I stand for an America that builds opportunity rather than hoards it. As a scholar, policy-maker, and empathetic leader, I recognize that the engine of our republic is not trickle-down rhetoric or nostalgia, but equitable, generational investment. For Gen-Z; for working families; for the disabled, rural, BIPOC, and marginalized communities—I offer a platform grounded in data, logic, and the moral imperative of our times.


Lent Carr, II for United States Congress lays out his plan to combat economic insecurities, housing crisis, Protections for the Leaders of tomorrow Gen-Z, Honoring and nurturing of Golden Age Patriots, Caring for our Veterans, and much, much more.


I. The Reality: Economic Insecurity and Housing Crisis for Young Americans

1. Economic Struggle Is Widespread and Deepening

  • According to a recent Rasmussen/Heartland poll of 1,201 likely U.S. voters aged 18–39, 36% identify themselves as “struggling or in crisis financially,” with just a minority saying they are “doing well.” The Heartland Institute

  • A stunning 62% of young Americans believe the American economy is unfair to young people. The Heartland Institute

Translation: More than 1 in 3 young people face daily financial precarity, and nearly 2 in 3 feel structurally disadvantaged.

2. Homeownership Dreams Fade

  • Only 25% of young adults say they are “very confident” they will own a home within the next 10 years. Meanwhile, 33% feel “discouraged” or “not confident,” and 10% believe they will never own a home. The Heartland Institute

Result: Tomorrow’s generation is doubting what used to be called the American Dream.


II. A Shift Toward Structural Economic Reform

1. Openness to Wealth Redistribution

  • 55% of young voters support legislation to confiscate “excess wealth” in order to help young people (e.g., fund first-time homeownership).
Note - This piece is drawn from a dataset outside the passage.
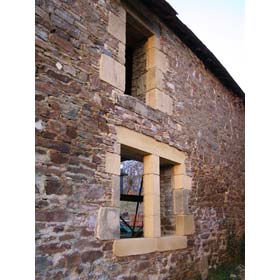 Encadrement en calcaire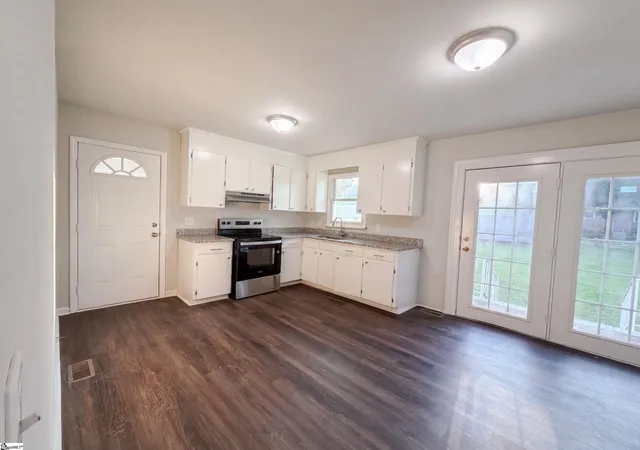 Photo 2 of Single family home for sale at 28 11th Street, Greer, SC 29651 | MLS# 1603138 | Listing updated on 2026-09-07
The Heartland Institute

  • 59% support imposing a maximum annual income cap: breakdown—17% say max should be $100M; 15% say $10M; 12% say $1M; 8% say $500K; 4% say $200K; 4% say $100K. Only 27% oppose any cap. rasmussenreports.com

2. Systemic Discontent with Capitalism

  • Other polling (e.g., Gallup, IOP) shows declining favorable views of capitalism, rising sympathy for “socialism” among young voters, and demands for government-guaranteed basic rights like housing and healthcare. (See earlier Investigative Report.)


III. Why the MAGA/Rich-Outdated Approach Fails Future Generations

MAGA (as personified by the likes of Richard Hudson) emphasizes tax cuts for the wealthy, deregulation, trickle-down myths, and nostalgic “freedom” that benefits corporations over communities.

  1. Inequality Isn’t a Bug—It’s the Feature

    • As wealth concentrates, wages stagnate, housing prices outpace income, and opportunity evaporates. MAGA policies reinforce this dynamic.

  2. Homeownership Isn’t Optional for Growth—It’s Core

    • Under current cost trajectories, median U.S. home prices are 5–6× median incomes in many metro areas. For Gen-Z and Millennials, delays in homeownership mean lost wealth, community decline, and social fragmentation.

  3. “Freedom” Without Security Is Illusory

    • MAGA-style “freedom” often means freedom for those already secure. But 36% of young people in crisis, 62% feeling unfairness—without structural reform, “freedom” is a right only for the privileged few.


IV. My Platform: Policies That Empower, Rebuild, and Invest in the Future

A. Wealth & Tax Reform with Purpose

  1. Progressive, Transparent Wealth Cap

    • Cap annual incomes above a threshold (e.g., $5–10M), with revenues dedicated explicitly to first-time homeownership and investment in distressed communities.

  2. Excess-Wealth Surcharge

    • On net wealth above, say, $100 million—use funds to create a First Home Fund (FHF): grants or shared-equity loans for low/middle-income buyers.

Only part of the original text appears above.